Indirect Tax Matters | May 2023

Euler Hermes: VAT bad debt relief following assignment of bad debts – CJEU

Euler Hermes was a Hungarian insurance company that paid compensation to its policyholders in the event of non-payment by those policyholders’ customers. The decision of the CJEU in Euler Hermes (Case C-482/21) that an insurer which indemnified bad debts, including a proportion of the VAT on those bad debts, was not entitled to recover input VAT (“bad debt relief”) on its payments will not be surprising. There was simply no basis for the insurer to claim the input VAT as its own input VAT. The Court held that payment by the insurer amounted to third-party consideration such that the debts were not unpaid to that extent.

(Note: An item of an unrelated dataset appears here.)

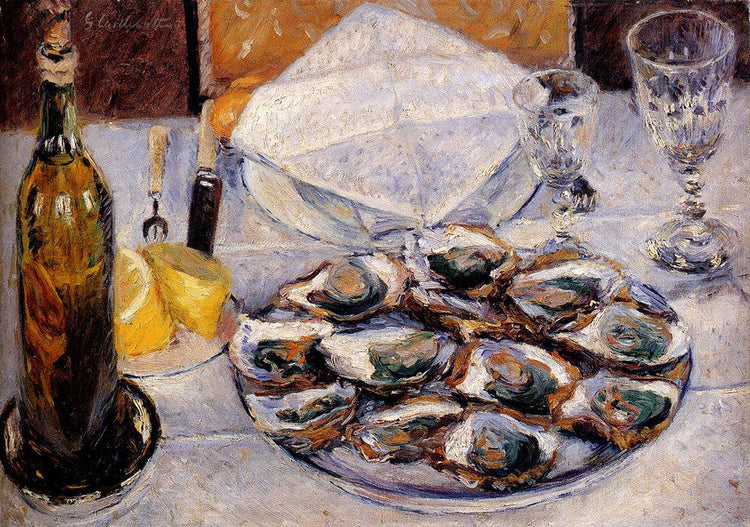 Still Life with Oysters - Gustave Caillebotte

Although the Court refers to the service in this case as insurance, the arrangements appear very similar to debt factoring. The VAT treatment of debt factoring is a complex area. In the UK, HMRC guidance in Notice 701/49 states that, “A factor cannot claim bad debt relief for debts assigned to him by his client. The client cannot claim bad debt relief for a debt assigned to a factor but can do so if the factor re-assigns the debt to him”.

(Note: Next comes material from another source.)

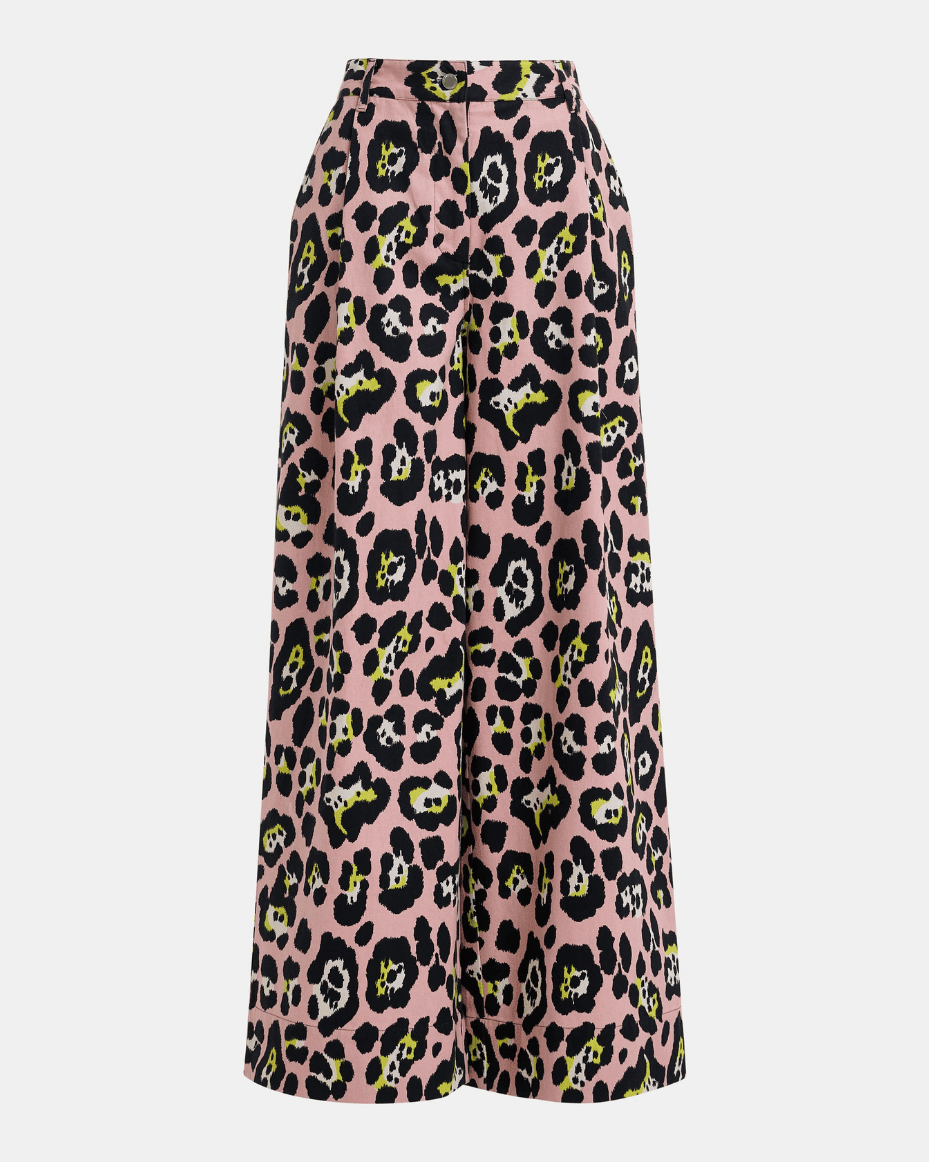 Essentiel Antwerp Jenesis Wide Leg Pants - Luxe Leopard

More generally, the analysis of the CJEU that the payment of an amount by an insurer under such arrangements amounts to third party consideration does not appear in line with the UK position. For example, the VAT Bad Debt Relief Manual states that, “If a business takes out an insurance or similar policy to pay out in the event of their customer’s debt going bad, this does not constitute a payment for the purposes of establishing whether it can claim bad debt relief.”

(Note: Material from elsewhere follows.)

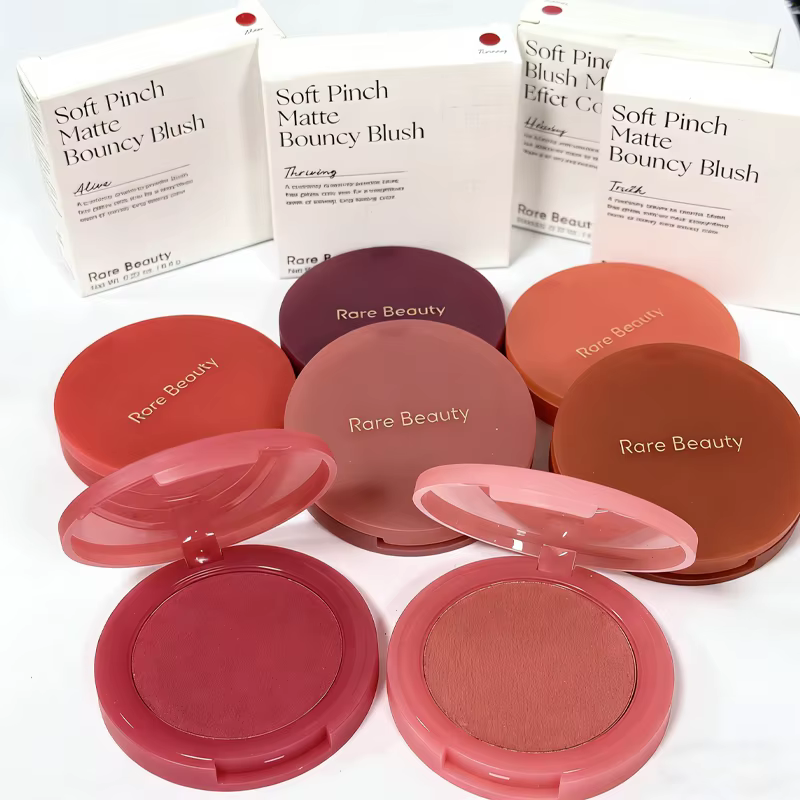 Fard à joues crème Hot Rare Beauty effet purée de pommes de terre, fard à joues en poudre mat longue tenue, facile à appliquer, maquillage cosmétique, illuminateur liquide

Fenix: online platform deemed to be acting as principal – CJEU

Fenix International Ltd operates the OnlyFans social media platform where creators upload and publish content, such as photos, videos and messages, which fans can pay to access.

Fenix retained 20% of the payments and accounted for VAT on its commission element only. HMRC argued that Fenix should have treated itself as both recipient and supplier of the creators’ content and accounted for VAT on the full amount received from fans, but Fenix disagreed. The issue revolved around Article 28 of the EU Principal VAT Directive and Article 9a of Implementing Regulation 282/2011.

Fenix argued that Article 9a was invalid, but the CJEU ruled that it was valid and clarified that when a taxable person takes part in the supply of digital services and has the power to unilaterally define essential elements of the supply, they must be regarded as the supplier of the services, pursuant to Article 28 of the VAT Directive.


Promo 54: first occupation of property development – CJEU

Promo 54 and Immo 2020 concluded a cooperation agreement under which Immo 2020, the owner of land in Belgium on which a former school was established, entrusted Promo 54 with the task of turning the former school on their respective Belgian property into apartments and offices before selling them.

Two distinct contracts were involved in the selling of those apartments: (i) one with Immo 2020 for the converted portion of the building (as well as the land on which it was constructed); and (ii) one with Promo 54 for the renovation work. The Belgian tax authorities considered that the transaction was artificially split: it was a single supply of new apartments (VAT at 21%), not a sale of a building/land, followed by a renovation (VAT at 6%).

Promo 54, on the other hand, believed that a refurbished building that had already been occupied before it was converted is not subject to VAT, only new buildings, that is, those that have not yet been occupied. The CJEU noted that the criterion of the ‘first occupation’ of a building corresponds to the first use of the immovable property by its owner or tenant.

EU Member States are entitled, under Article 12(2) of the EU Principal VAT Directive, to lay down detailed rules applying the criterion of ‘first occupation’ to conversions of buildings. The exemption of those transformed buildings is unaffected directly by the absence of any such regulations in Belgium. The CJEU consequently concluded that the exemption was in effect in this instance.